Beth Pauley · April 3, 2008 - 13:59 EST #1
I didn't know you guys could read my mind! I couldn't agree more with your observations re:
QuarkXPress 7 ... check
iTunes ... check
Microsoft Office ... check
Freehand ... check
Well said! Keep up the good work.
Jacques Daviault · April 6, 2008 - 14:19 EST #2
Stop being so mean to Illustrator... I've used both as well and honestly, comparisons aren't fair, they each have features the other could use. And, after all, Freeehand is dead, so long live the new Vector King.
Mark Tennent · April 6, 2008 - 15:09 EST #3
I'm not being mean. Maybe it's a left-hand-right-hand thing but Illustrator remains, for many people, the most awkward way of making vector illustrations.

Thankfully, XPress and inDesign both have advanced bezier abilities, plus layers, transparency and export options that make Illustrator almost unnecessary.

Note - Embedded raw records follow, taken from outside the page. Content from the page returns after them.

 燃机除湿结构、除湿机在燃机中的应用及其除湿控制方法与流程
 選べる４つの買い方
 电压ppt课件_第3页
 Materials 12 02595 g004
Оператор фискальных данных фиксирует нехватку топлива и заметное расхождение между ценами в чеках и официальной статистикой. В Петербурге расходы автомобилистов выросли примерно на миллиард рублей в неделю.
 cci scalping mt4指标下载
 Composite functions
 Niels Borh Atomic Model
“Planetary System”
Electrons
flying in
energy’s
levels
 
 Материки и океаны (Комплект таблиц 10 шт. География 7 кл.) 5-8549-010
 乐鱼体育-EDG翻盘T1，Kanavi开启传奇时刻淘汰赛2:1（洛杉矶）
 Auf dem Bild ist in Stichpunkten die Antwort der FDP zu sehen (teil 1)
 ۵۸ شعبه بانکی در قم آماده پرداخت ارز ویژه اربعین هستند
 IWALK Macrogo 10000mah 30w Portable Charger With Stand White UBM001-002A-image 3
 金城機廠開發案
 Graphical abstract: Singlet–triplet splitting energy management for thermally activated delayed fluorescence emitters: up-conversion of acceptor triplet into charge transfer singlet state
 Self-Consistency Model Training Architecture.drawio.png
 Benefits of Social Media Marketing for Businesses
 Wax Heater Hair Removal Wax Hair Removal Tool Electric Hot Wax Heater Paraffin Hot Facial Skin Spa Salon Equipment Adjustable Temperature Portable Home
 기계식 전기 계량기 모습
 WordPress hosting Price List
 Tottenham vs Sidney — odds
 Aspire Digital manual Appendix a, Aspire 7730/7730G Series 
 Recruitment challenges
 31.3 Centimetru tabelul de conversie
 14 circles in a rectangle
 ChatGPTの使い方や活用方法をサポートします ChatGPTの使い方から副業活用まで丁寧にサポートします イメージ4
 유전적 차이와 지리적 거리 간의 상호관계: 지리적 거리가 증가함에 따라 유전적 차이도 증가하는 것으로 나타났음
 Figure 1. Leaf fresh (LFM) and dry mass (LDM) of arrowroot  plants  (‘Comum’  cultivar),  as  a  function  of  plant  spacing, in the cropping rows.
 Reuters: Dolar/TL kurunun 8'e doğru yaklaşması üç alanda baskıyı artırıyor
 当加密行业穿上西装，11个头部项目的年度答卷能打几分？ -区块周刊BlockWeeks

Add in better colour control, typography, tables and multi-pages and you arrive back at Freehand.
Lee Bennett (ATPM Staff) · April 6, 2008 - 16:42 EST #4
I agree, and I'll hang on to my last copy of Freehand for as long as it will continue to run on OS X.

For the love of Pete, why am I able to work with bezier shapes more easily in InDesign than in Illustrator? Shouldn't it be the other way around?